> [Try it]: Exactly as they appear, output all of the records. Skip any images.
═══ Data extract
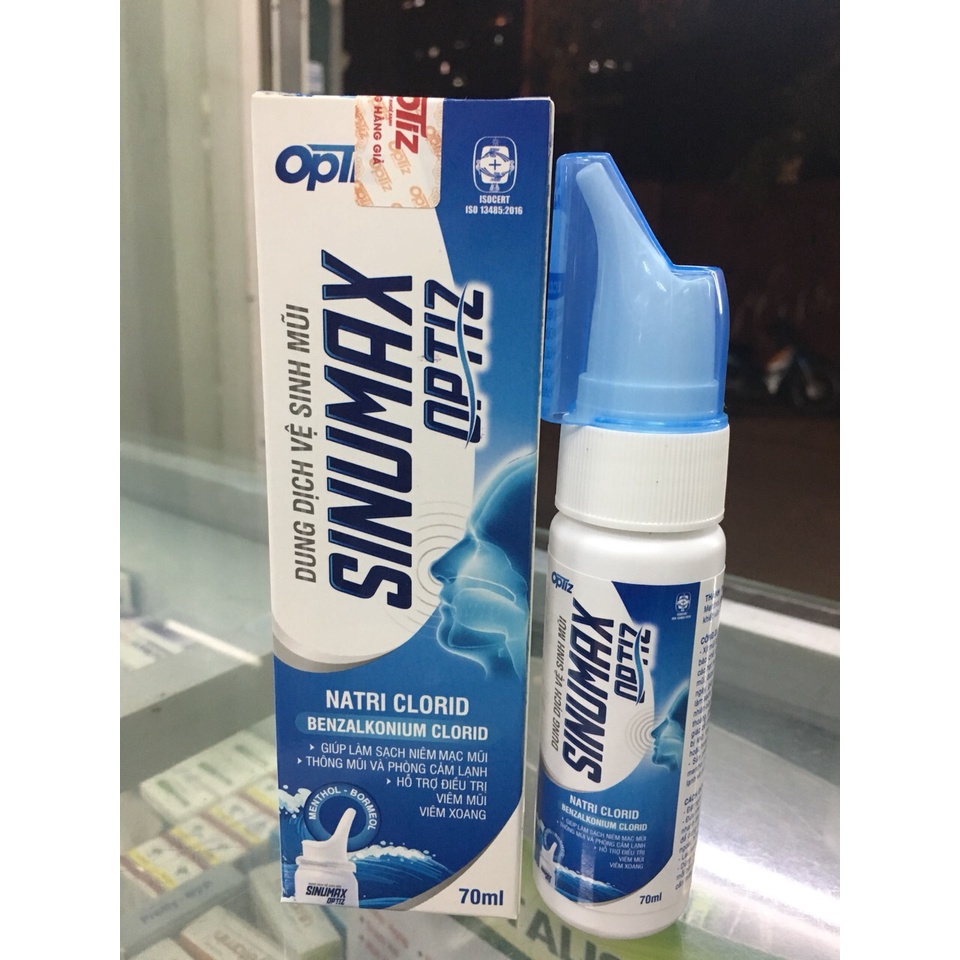 Dung dịch vệ sinh mũi Sinumax Optiz 70ml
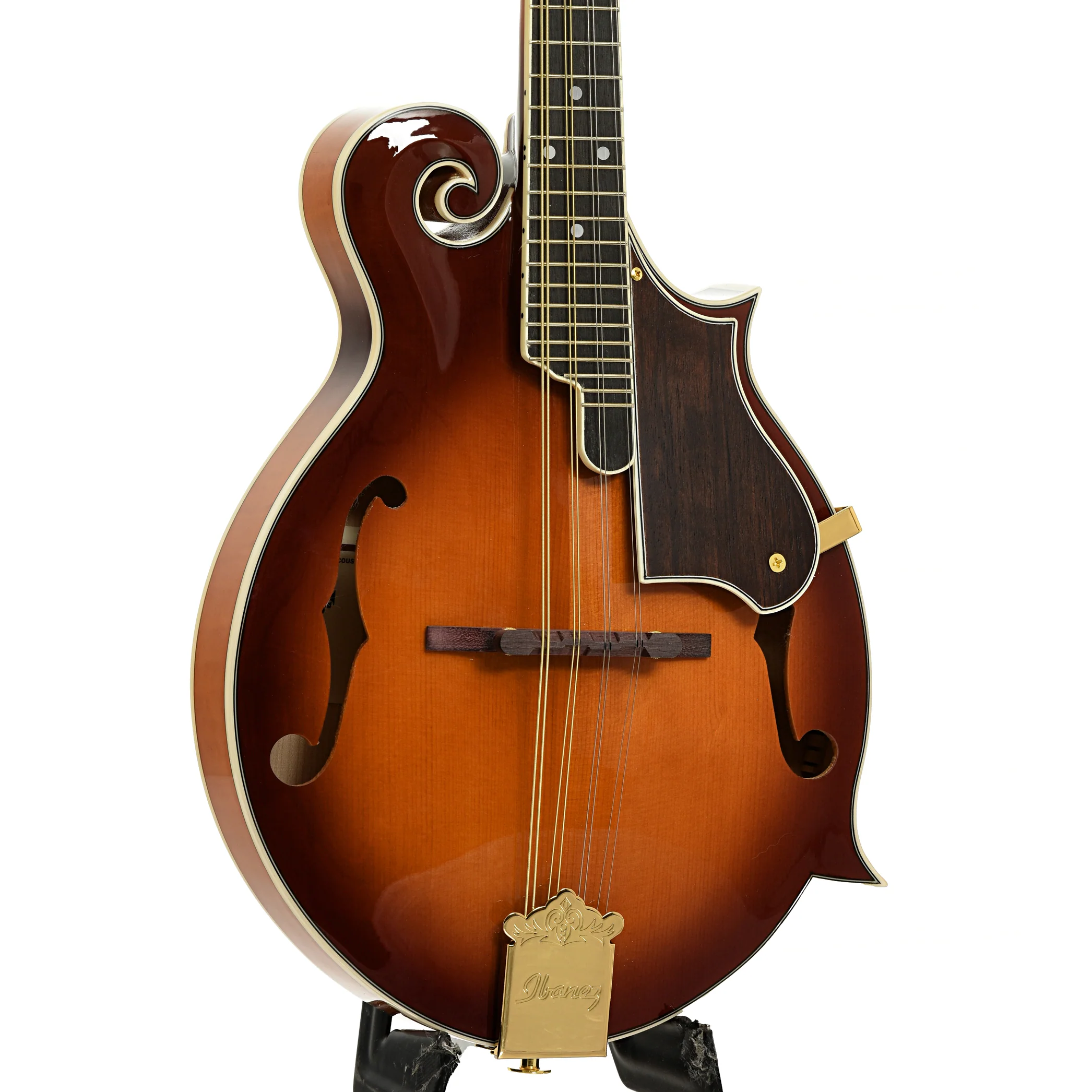 Ibanez M700S F-Style Mandolin, Antique Violin Sunburst - Image 4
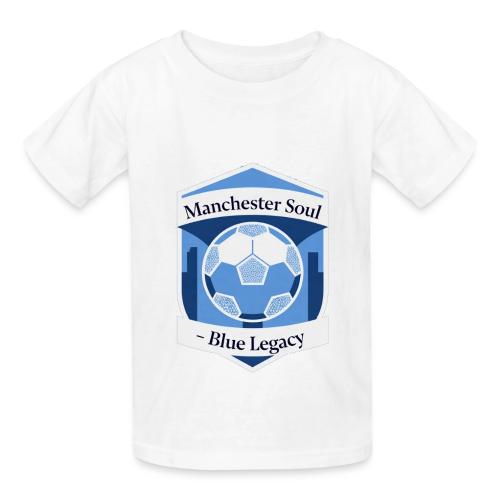 Manchester Soul Soccer City Emblem T Shirt, Gift - Heavyweight Kid's T-Shirt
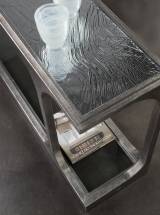 Bond Street Silver Sofa Table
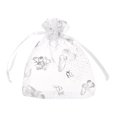 thumbnail image 1 of Uxcell Organza Bag, Sheer Butterfly Mesh Bags Drawstring Gift Bags Bulk Party Favor Bag Jewelry Pouches White-Silver, 1 of 6
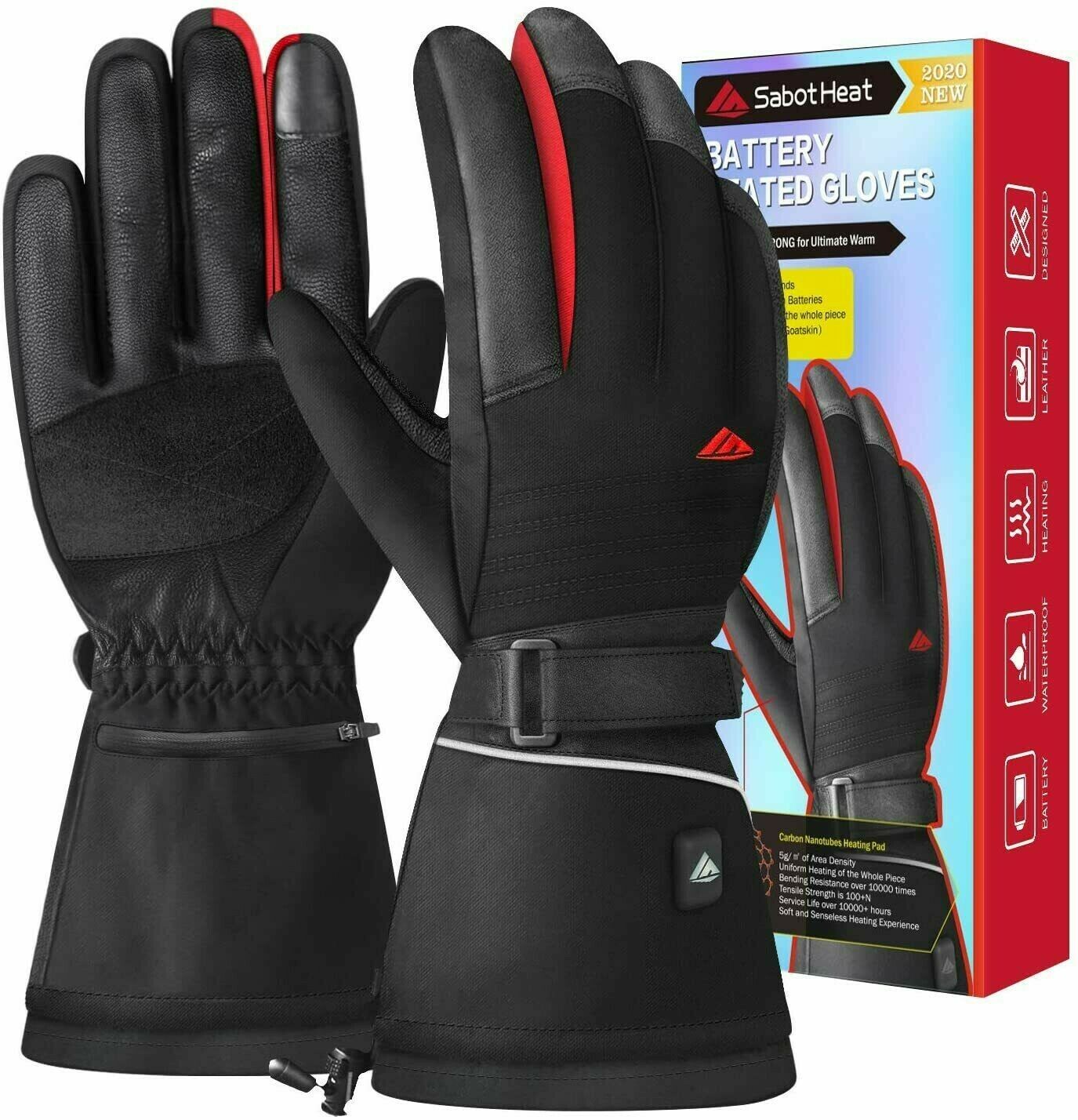 SabotHeat Battery Heated Gloves - Electric Heated Gloves for Men (XL) - e4cents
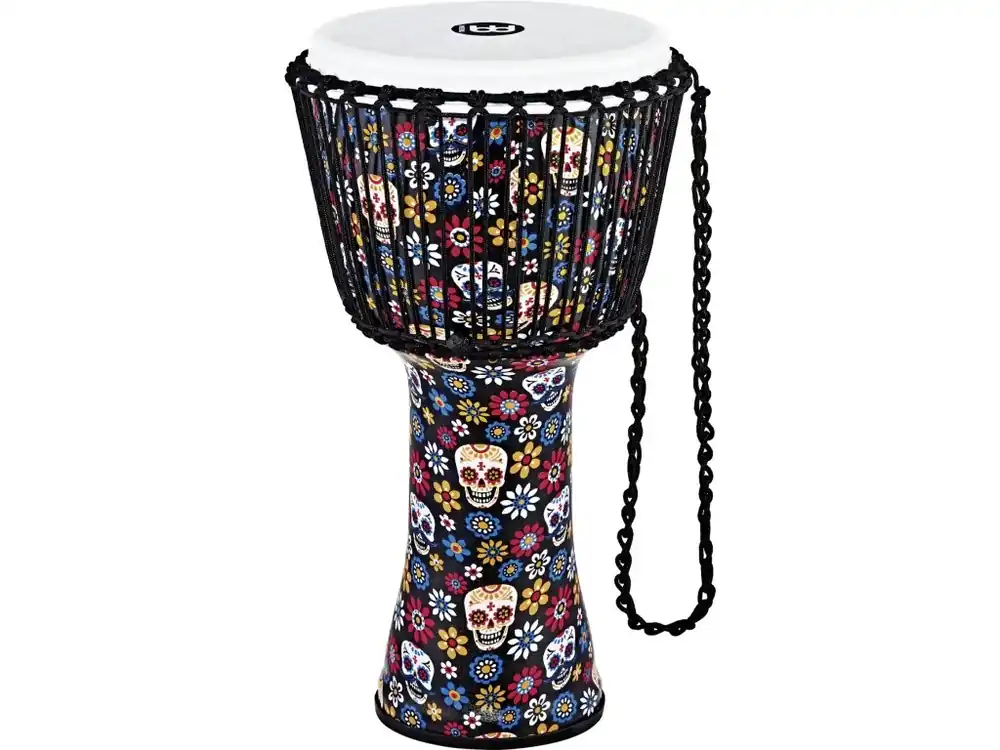 Top Prodej TAMA - AFRICAN DJEMBE 12" LARGE MEINL, DAY OF THE DEAD FINISH, TRAVEL SERIES, FIBERHEAD PADJ7-L-F
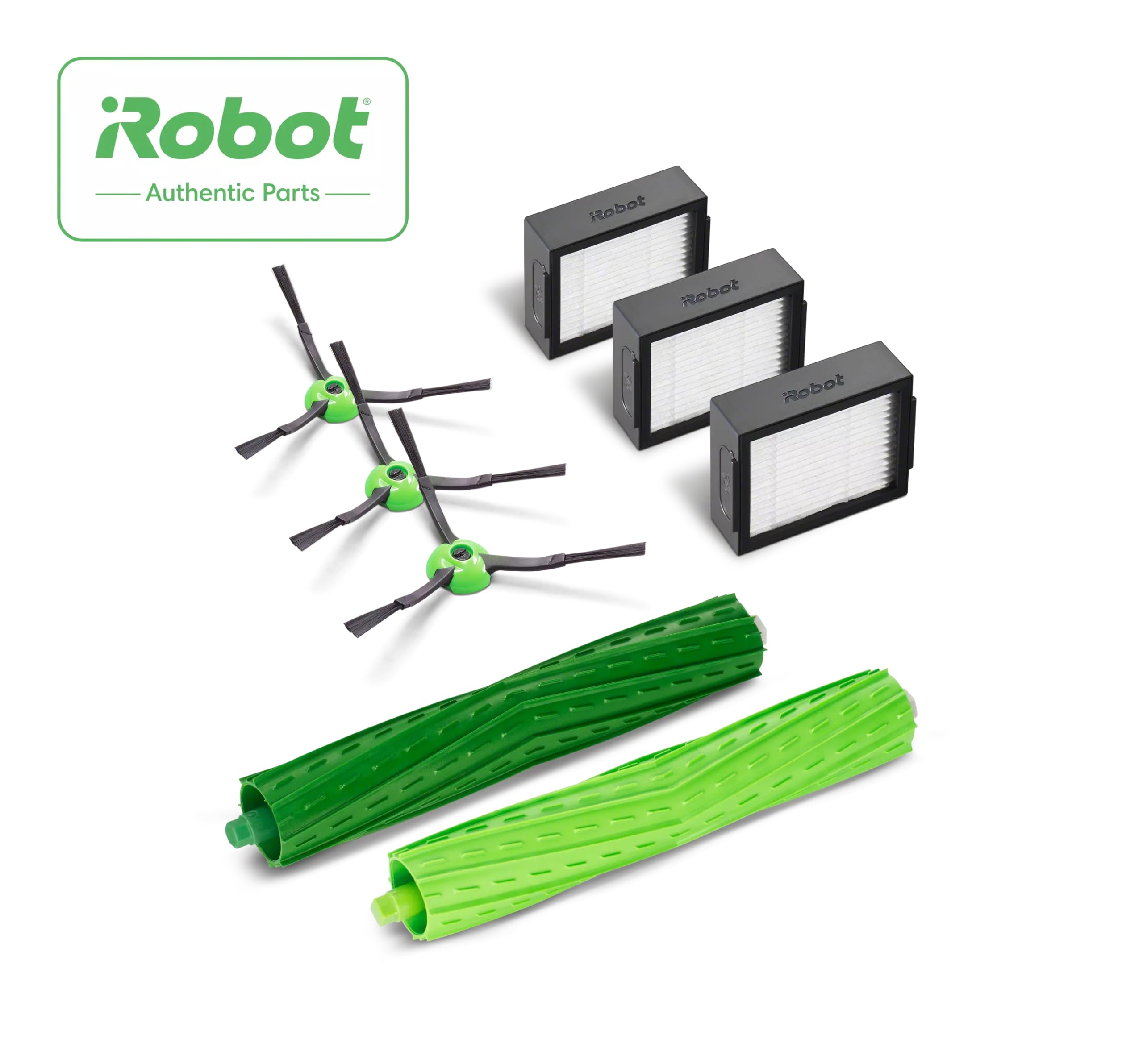 iRobot edge sweeping brushes reaching corners for Roomba e, i, and j series.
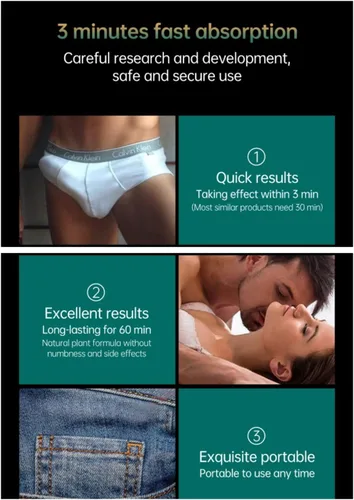 Vista 3 de Crema de crecimiento masculino, aceite de masaje para hombres para sexo, aceite de crecimiento de pene energético para hombres, retardo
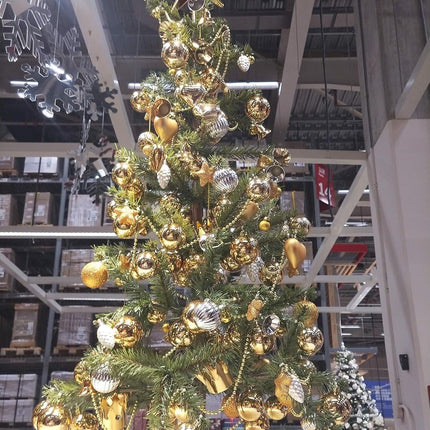 31 Feet Christmas Beaded Garland Shiny Beads Strand for Christmas Tree, Valentine, Exhibition, Wedding, Costume, DIY Decoration (Gold-31ft)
══════
> [Finished task]:
 Dung dịch vệ sinh mũi Sinumax Optiz 70ml
 Ibanez M700S F-Style Mandolin, Antique Violin Sunburst - Image 4
 Manchester Soul Soccer City Emblem T Shirt, Gift - Heavyweight Kid's T-Shirt
 Bond Street Silver Sofa Table
 thumbnail image 1 of Uxcell Organza Bag, Sheer Butterfly Mesh Bags Drawstring Gift Bags Bulk Party Favor Bag Jewelry Pouches White-Silver, 1 of 6
 SabotHeat Battery Heated Gloves - Electric Heated Gloves for Men (XL) - e4cents
 Top Prodej TAMA - AFRICAN DJEMBE 12" LARGE MEINL, DAY OF THE DEAD FINISH, TRAVEL SERIES, FIBERHEAD PADJ7-L-F
 iRobot edge sweeping brushes reaching corners for Roomba e, i, and j series.
 Vista 3 de Crema de crecimiento masculino, aceite de masaje para hombres para sexo, aceite de crecimiento de pene energético para hombres, retardo
 31 Feet Christmas Beaded Garland Shiny Beads Strand for Christmas Tree, Valentine, Exhibition, Wedding, Costume, DIY Decoration (Gold-31ft)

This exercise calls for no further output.